I write to update you on the ongoing negotiations between the University and the Harvard Graduate Students Union-United Auto Workers (HGSU-UAW). The three principles I noted when these bargaining sessions began in October remain foundational to the University’s approach to the negotiations: 1) we must protect the integrity of our teaching mission, 2) we must protect the academic freedom that undergirds our research mission, and 3) the University must serve all of its students, in every School and academic program – from degree programs to executive and continuing education.
We approached the negotiations knowing that first agreements take time. First contract negotiations at other universities have taken 12-18 months to complete, even with much smaller and more narrowly defined student worker bargaining units. Here at Harvard, over the last six months, we have held more than 24 bargaining meetings with HGSU-UAW, including formal bargaining sessions (which average nearly five hours each), side meetings on specific topics, and subcommittee meetings.
A great deal of additional work occurs between these meetings as members of the University bargaining team consult with faculty and staff in each of our 12 Schools. Because the proposed articles would affect every School and Department at Harvard, analyzing their impacts requires time and thorough consideration. With some 40 detailed proposals having been put on the table, we have reached tentative agreements on four articles. We are making substantial progress on several more. Both sides have made numerous counter proposals and there is still considerable work to be done.
In particular, it is challenging to disentangle work, which is the basis for these negotiations, from academic activity, which is not. As the National Labor Relations Board has acknowledged, the dividing line between student employment and academic work is often unclear. For example, while we can and will bargain about protection from excessive workload expectations, we cannot agree to articles that would expand student workers’ time to degree or allow grievances over faculty judgments on academic progress.
We are also concerned that some of the Union’s proposals would not be effective and might even have unintended consequences. For example, the HGSU-UAW has continued to highlight its proposals concerning the Title IX policy and procedures as well as other aspects of discrimination and harassment. The Union’s approach would create a separate set of adversarial processes for HGSU-UAW members, implying that those not in the Union, including faculty and staff, accused of sexual harassment by Union members would be subject to the Union process. Certainly there is work to be done, but all of us at Harvard – not only the roughly 5,000 members of this bargaining unit – need to participate in creating the kind of community that we aspire to be. The University has a Title IX Policy Review Advisory Committee, comprising faculty, students, and staff from across all of our Schools, charged with making recommendations for changes to our policy and procedures. The Union has been invited to have representation on this committee. Behind the efforts of this committee is a commitment to creating a welcoming, healthy, and safe environment where every student and every other member of the Harvard community can be successful.

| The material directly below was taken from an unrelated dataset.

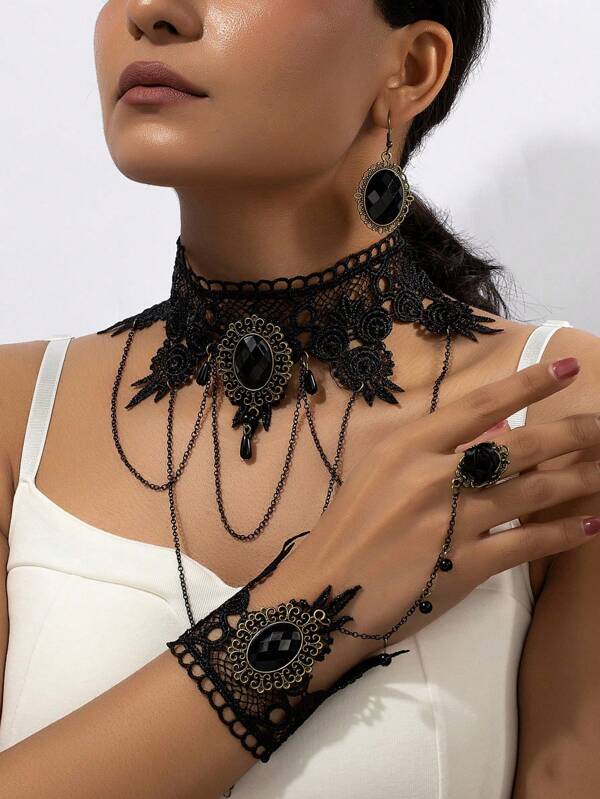 1 Set Vintage Gothic Style Necklace, Bracelet And Earrings, Sexy Lace Choker, Punk Street Fashion Jewelry Accessories Suitable For Daily And Party Wear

The HGSU-UAW has put forward a number of proposals covering benefits for student workers, and just a few weeks ago, the Union put its compensation proposal on the table. A team of University staff has analyzed the potential financial impact of these economic proposals on academic programs within each School, and it would be significant. According to preliminary estimates, University expenditures per graduate student would approximately double under the Union’s proposals. Were the University to agree to these proposals, there would likely be direct consequences for the number of graduate students who could be supported. The University put forth its response to the HGSU-UAW economic proposals yesterday, so we anticipate the economic proposals will be a primary focus of the negotiations in the coming weeks.
Recognizing the complexities of negotiating this first bargaining agreement, we will take appropriate care to ensure that the consequences of each provision are fully understood. This is new territory for the University. No other labor negotiation that we have undertaken has had this combination of academic and employment considerations. However, I am confident that, working with the HGSU-UAW, we can reach a fair and workable agreement that appropriately addresses the student workers’ employment-related concerns, respects our commitments to other University constituents, and maintains the integrity of the University’s academic mission.